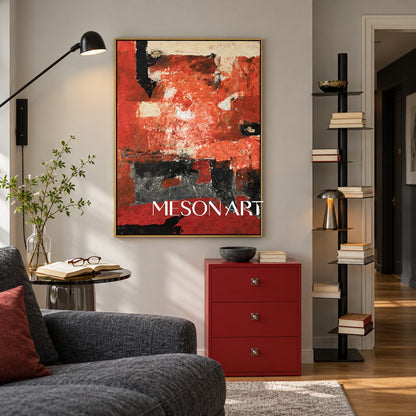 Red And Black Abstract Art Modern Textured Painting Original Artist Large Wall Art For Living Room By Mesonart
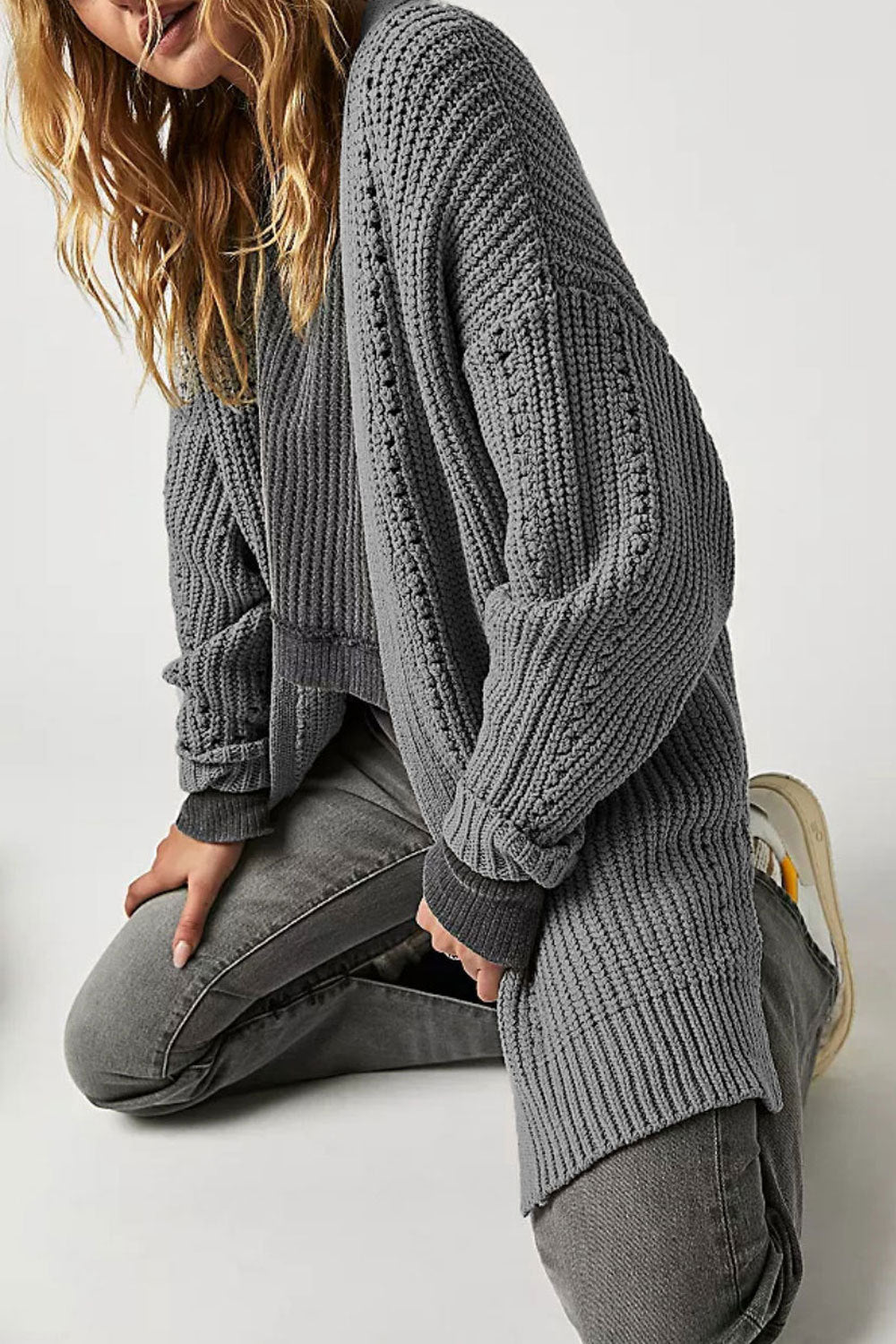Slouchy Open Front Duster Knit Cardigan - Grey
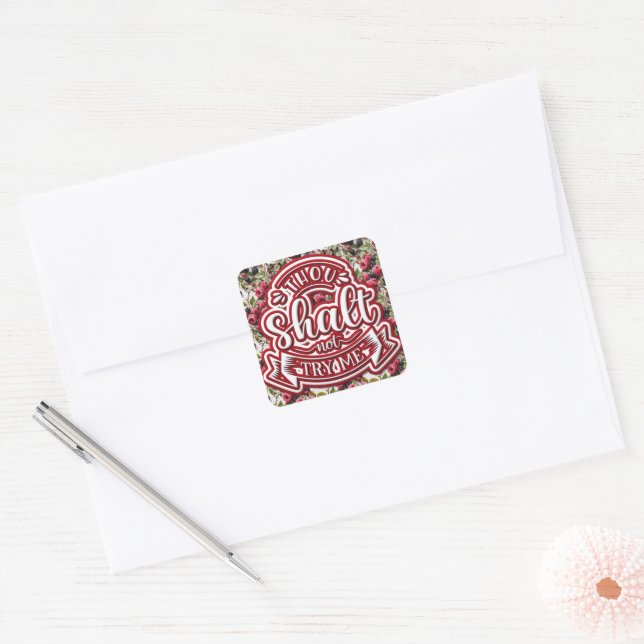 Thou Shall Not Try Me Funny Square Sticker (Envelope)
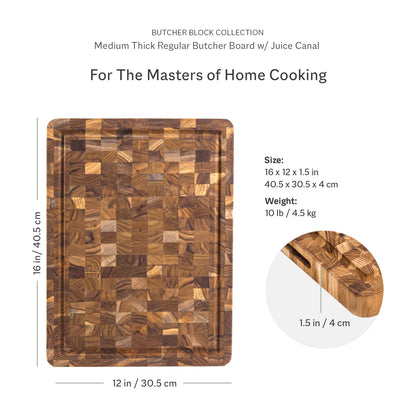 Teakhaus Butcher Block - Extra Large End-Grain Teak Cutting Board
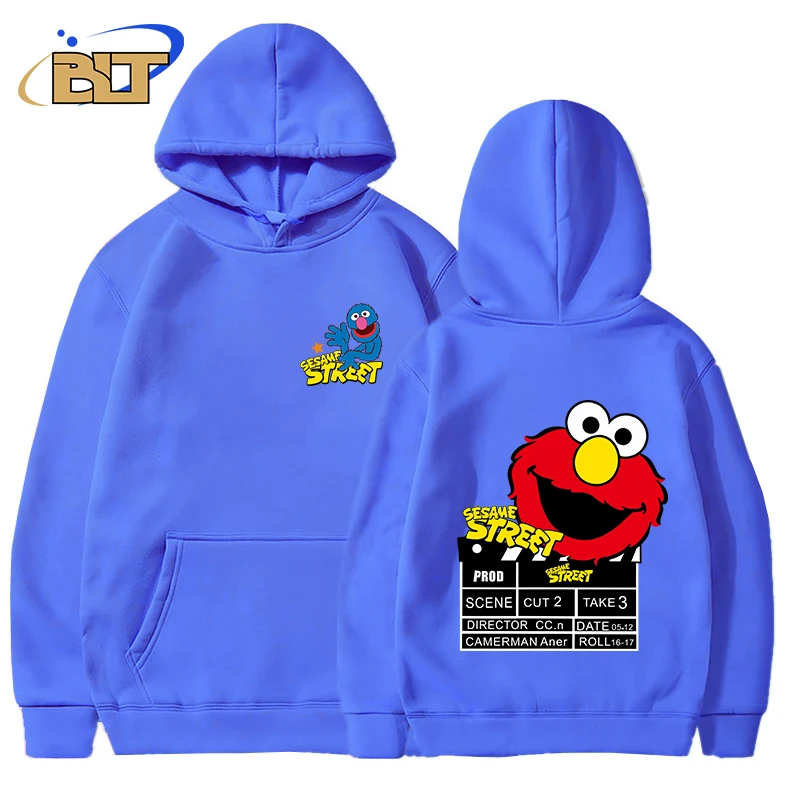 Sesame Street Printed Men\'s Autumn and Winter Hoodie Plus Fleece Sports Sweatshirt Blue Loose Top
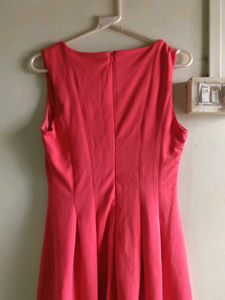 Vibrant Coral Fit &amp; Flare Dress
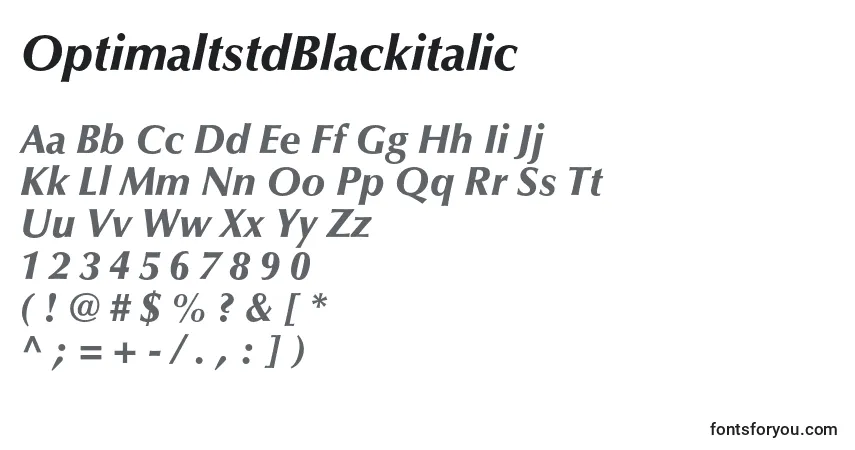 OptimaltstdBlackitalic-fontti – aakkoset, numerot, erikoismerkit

ACTIVITY — All records must be output exactly as they are, except for the pictures, which are left out.

SOLUTION TO THE EXERCISE —
 Red And Black Abstract Art Modern Textured Painting Original Artist Large Wall Art For Living Room By Mesonart
Slouchy Open Front Duster Knit Cardigan - Grey
 Thou Shall Not Try Me Funny Square Sticker (Envelope)
 Teakhaus Butcher Block - Extra Large End-Grain Teak Cutting Board
 Sesame Street Printed Men\'s Autumn and Winter Hoodie Plus Fleece Sports Sweatshirt Blue Loose Top
 Vibrant Coral Fit &amp; Flare Dress
 OptimaltstdBlackitalic-fontti – aakkoset, numerot, erikoismerkit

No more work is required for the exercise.